Перелез через Кокорюкову Пелагею, дверь приоткрыл: луны нет, лица не разобрать.
– Барин, – спросили без звука, – доносы принимаешь?
– А на кого?
– На кого хошь. У нас накоплено.
– Не знаю... – засомневался. – Чего с ними делать?
– Эх, голубок, – вздохнули. – Не доспел еще.
Утопали с сожалением.
Вернулся на печь, перелез обратно через Пелагею, но в дверь опять поскреблись.
По голосу – Авдотька.
– Барин, чего нам с Пискулей делать?
– А что?
– Ненадежен. Глядит косо. Молчит и желвак катает.
– Чего предлагаешь?
– Тычка, барин, и за бугор.
– Не рано ли? – спросил без уверенности.
– Это, барин, никогда не рано.
– Я подумаю, Авдотька. Иди пока.
– Думай давай. – И напоследок: – Шепчутся, барин, по деревне. Велишь уловлять?
– Кто шепчется?
– Кособрюхие. Рукосуи с задрипанцами. Кто ни есть.
Поглядел на нее.
Глаза выделил на лице.
Светлые и без дна.
– Ты, Авдотька, с кем? С кем и на кого?
Ответила ясно:
– Чей верх, барин, с тем и я...
До утра не спал. Ворочался. Припоминал прежние страхи при царе-батюшке. Мнимое злоумыслие. Наушников с переносчиками. Изветы, поклепы, пыточные камеры.

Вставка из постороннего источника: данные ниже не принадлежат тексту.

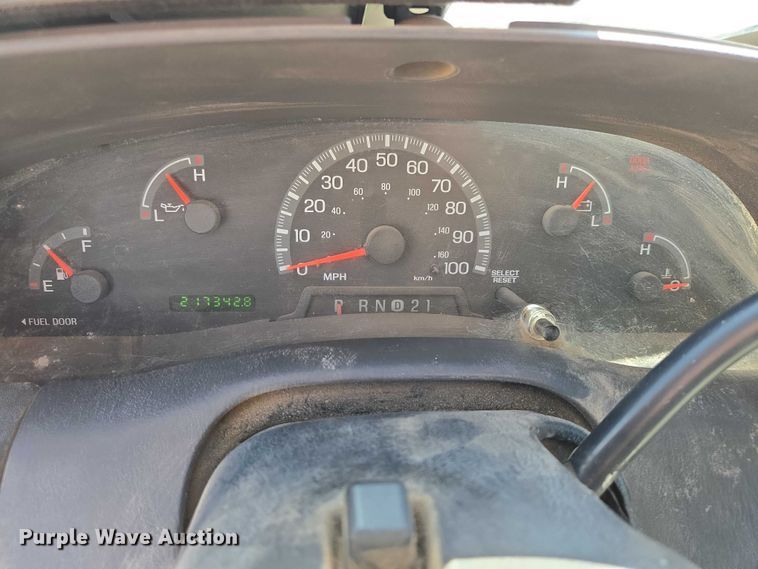 image for item EV5848 1999 Ford F150 Ext. Cab pickup truck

Скреблись в дверь, но он не открывал. Кокорюкова Пелагея укладывала на него филейные части тела, но он скидывал. Озабочен был и напуган.

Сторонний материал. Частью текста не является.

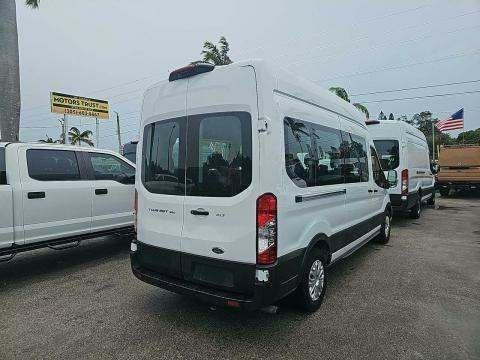 2022 Ford Transit-350 XLT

Знал по опыту: начни лютовать – других загубишь и себя не убережешь.
Не заготовить ли загодя, за бугром, могилку на видном месте, не написать ли на камне: "Здесь лежит человек, которого жизнь попользовала без надобности"?..

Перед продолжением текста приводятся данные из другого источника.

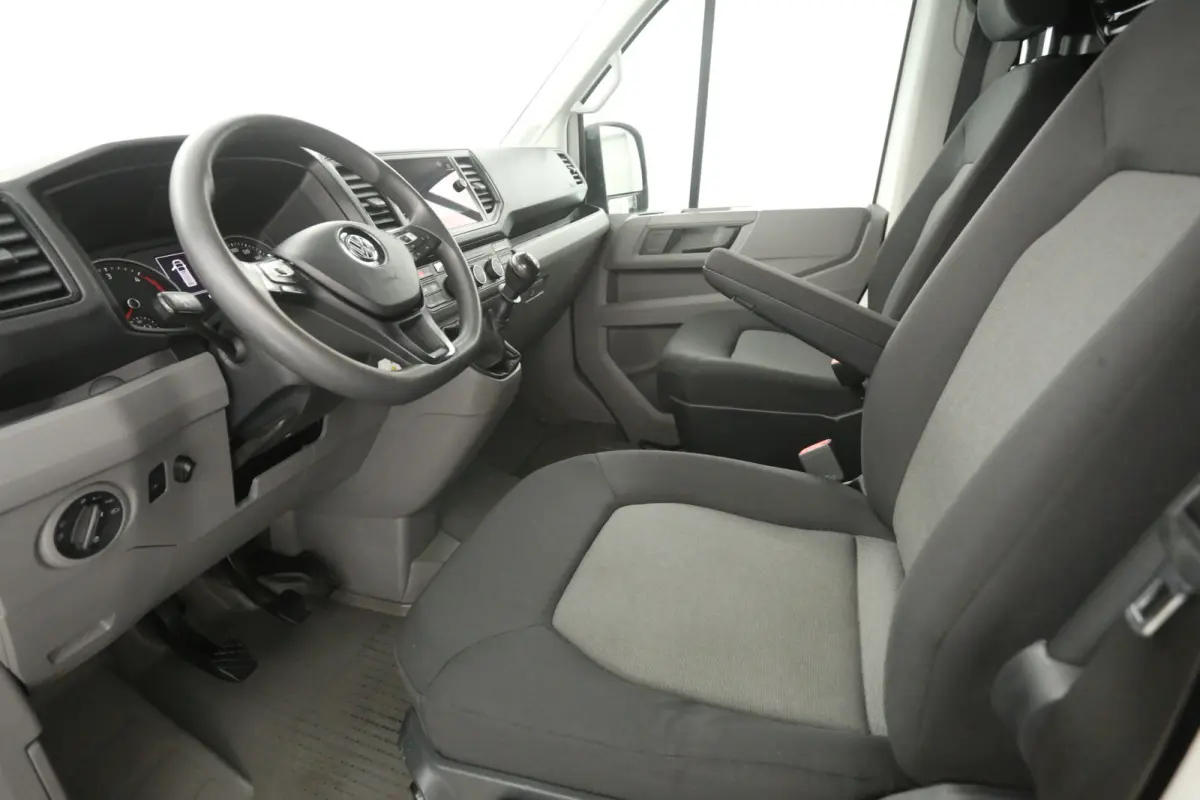 2.0 TDI L3H3 140PK | Airco | Cruise | Camera | Carplay | Stoelverw. | Zwaailamp | Parkeersens.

Наутро слез с печи – голова трещит, жилка дрожит, сердце ёкает, пованивает ощутимо от недержания, а у крыльца натоптано ночными посетителями.
Увидел Кирюшку и на визг сорвался, от самого себя обмирая:
– Это что у тебя?.. Шепчутся! Глядят косо! Желваки катают! Смотри, Кирюшка, с тебя спрос!..
– Да я, барин, ночей не сплю...
– Не спишь ты... – И приказал: – Вырыть ему могилу. Во весь рост. Чтобы на случай была.
– Сделаем, кормилец! – радостно заорали мужики и побежали гурьбой за лопатами.
А Кирюшка понесся по деревне, как иглой ткнутый, уловлять и пресекать в зародыше.
Кто на пути встанет, того за бугор!
А за бугром кладбище. А на кладбище – нарытые могилки.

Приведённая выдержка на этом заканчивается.